Problem
Repeat the listing below exactly. Pictures do not belong in the copy.

Data under study
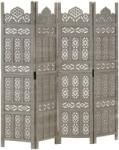 vidaXL 4-paneles szürke mangófa faragott térelválasztó 160 x 165 cm (285322)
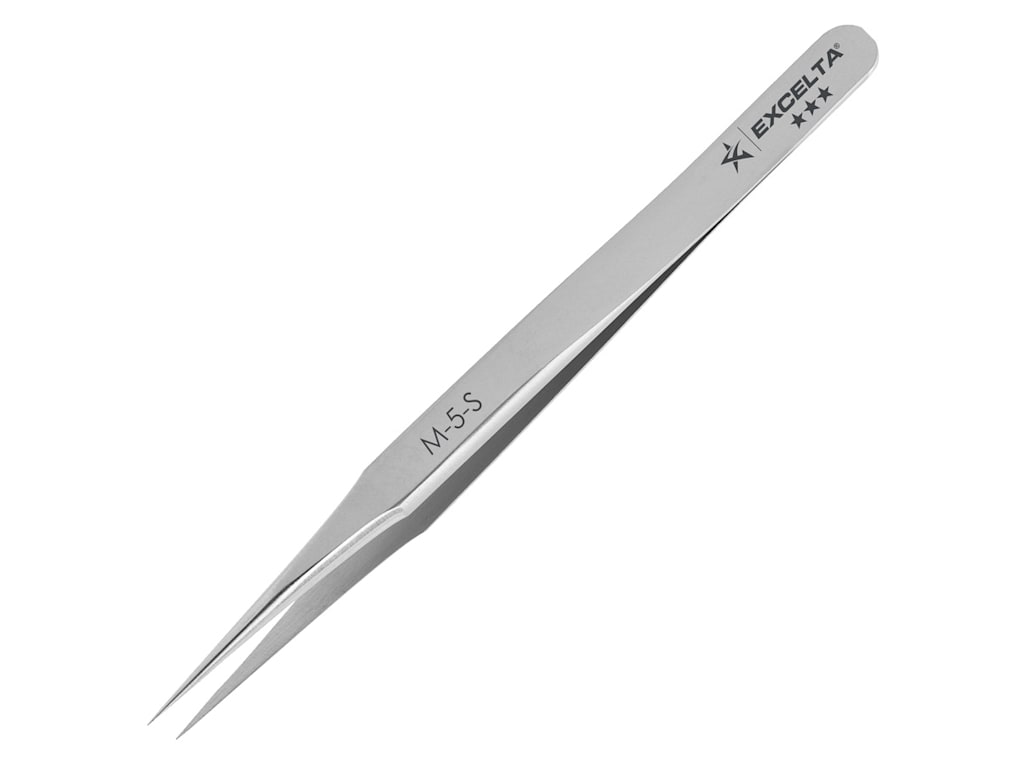 EXCELTA - M-5-S, Tweezers, Mini Straight, Tapered Ultra Fine Point, SS, 2.75" OAL, Mini Series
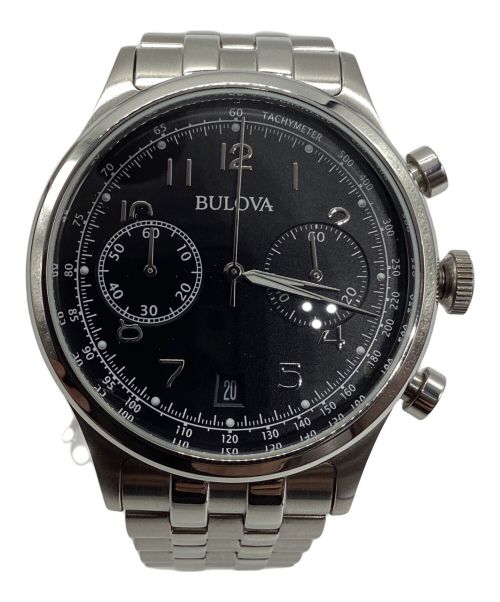 BULOVA（ブローバ）BULOVA (ブローバ) Classic Black Dial Steel Chronograph Watch ブラックの古着・服飾アイテム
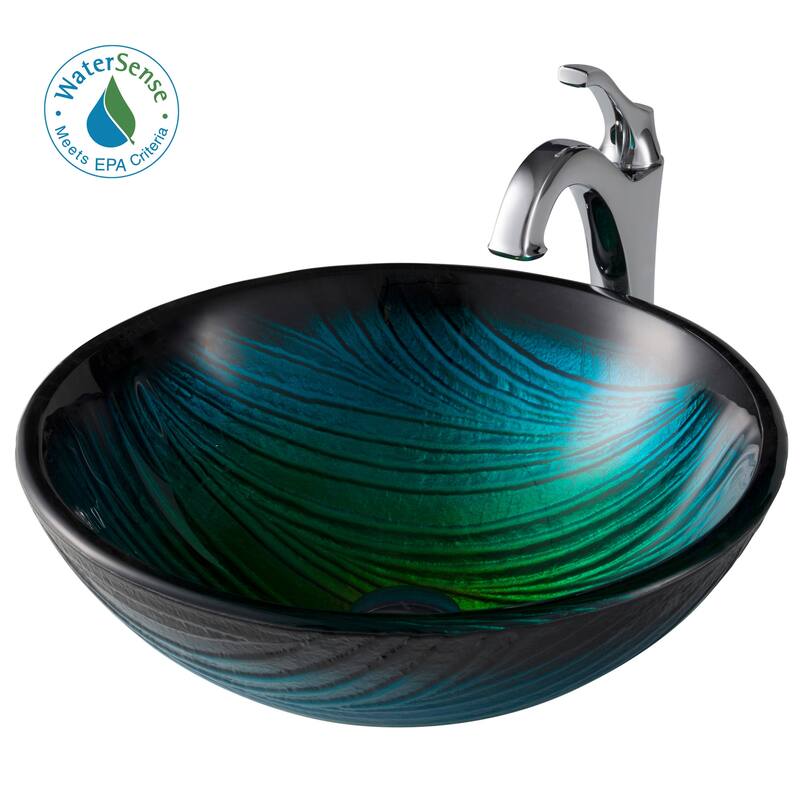 Kraus Arlo & Glass 17" Glass Vessel Bathroom Sink with 1.2 GPM Deck - Chrome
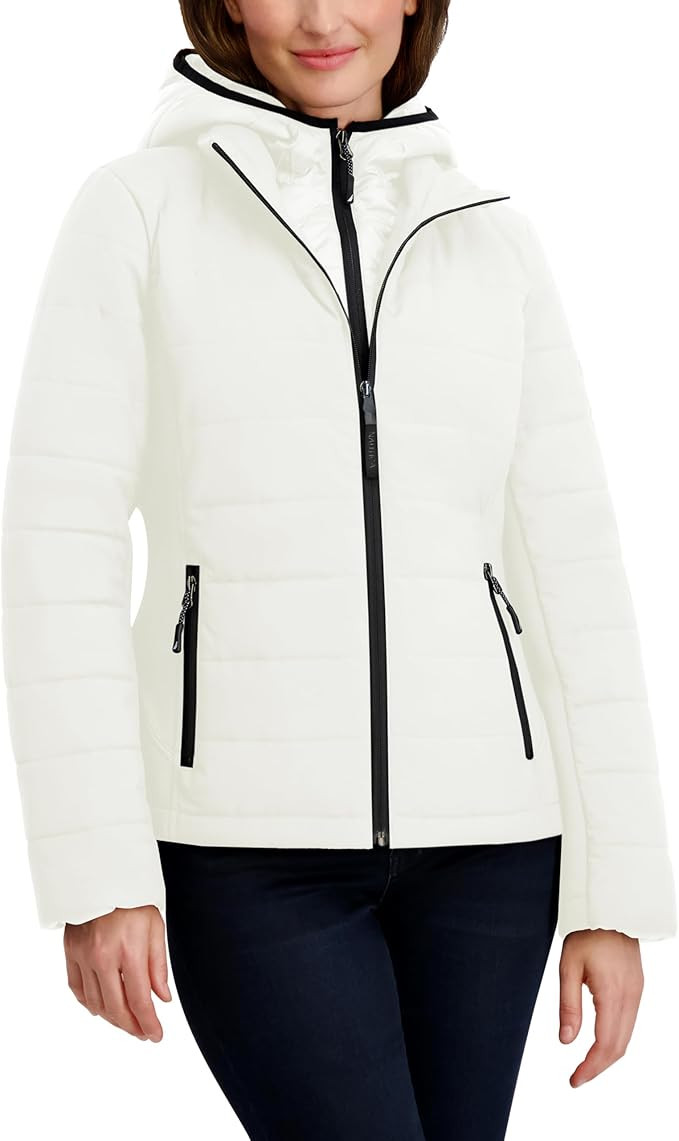 Nautica womens Nautica Women’s Stretch Hybrid Puffer Jacket – Short Winter Coat With Bib | Amazon (US)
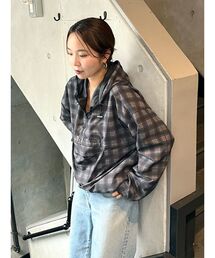 ジップ コットン パーカー チェック柄 カジュアル 韓国 nr8331 ジップ コットン パーカー チェック柄 カジュアル 韓国 nr8331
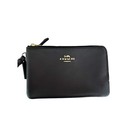 Coach Double Corner Zip Wristlet Pebbled Leather Midnight Navy New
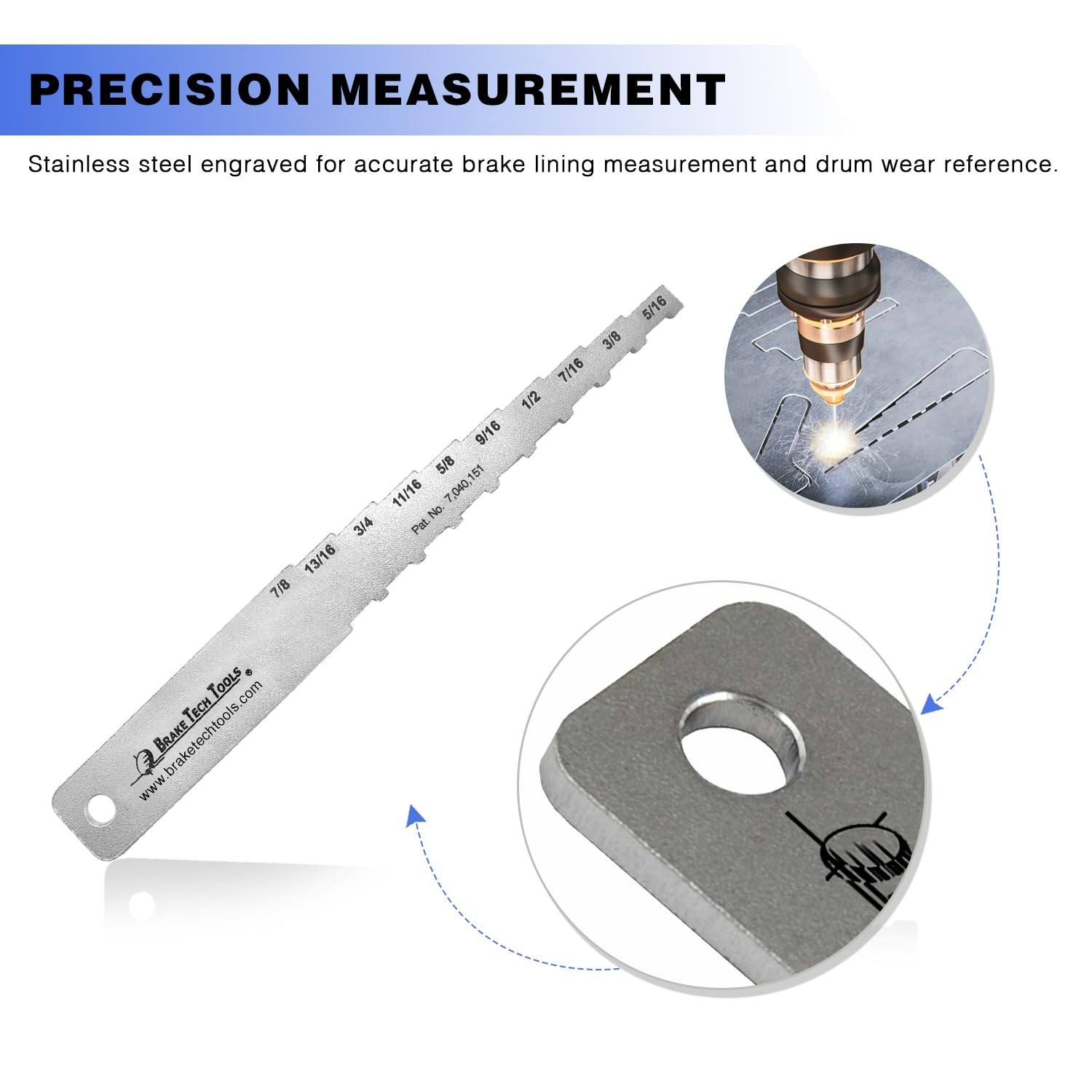 Brake Lining Measuring Tool Gauge Stainless Steel 8 Inch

Exercise result
 vidaXL 4-paneles szürke mangófa faragott térelválasztó 160 x 165 cm (285322)
 EXCELTA - M-5-S, Tweezers, Mini Straight, Tapered Ultra Fine Point, SS, 2.75" OAL, Mini Series
 BULOVA（ブローバ）BULOVA (ブローバ) Classic Black Dial Steel Chronograph Watch ブラックの古着・服飾アイテム
 Kraus Arlo & Glass 17" Glass Vessel Bathroom Sink with 1.2 GPM Deck - Chrome
 Nautica womens Nautica Women’s Stretch Hybrid Puffer Jacket – Short Winter Coat With Bib | Amazon (US)
 ジップ コットン パーカー チェック柄 カジュアル 韓国 nr8331 ジップ コットン パーカー チェック柄 カジュアル 韓国 nr8331
 Coach Double Corner Zip Wristlet Pebbled Leather Midnight Navy New
 Brake Lining Measuring Tool Gauge Stainless Steel 8 Inch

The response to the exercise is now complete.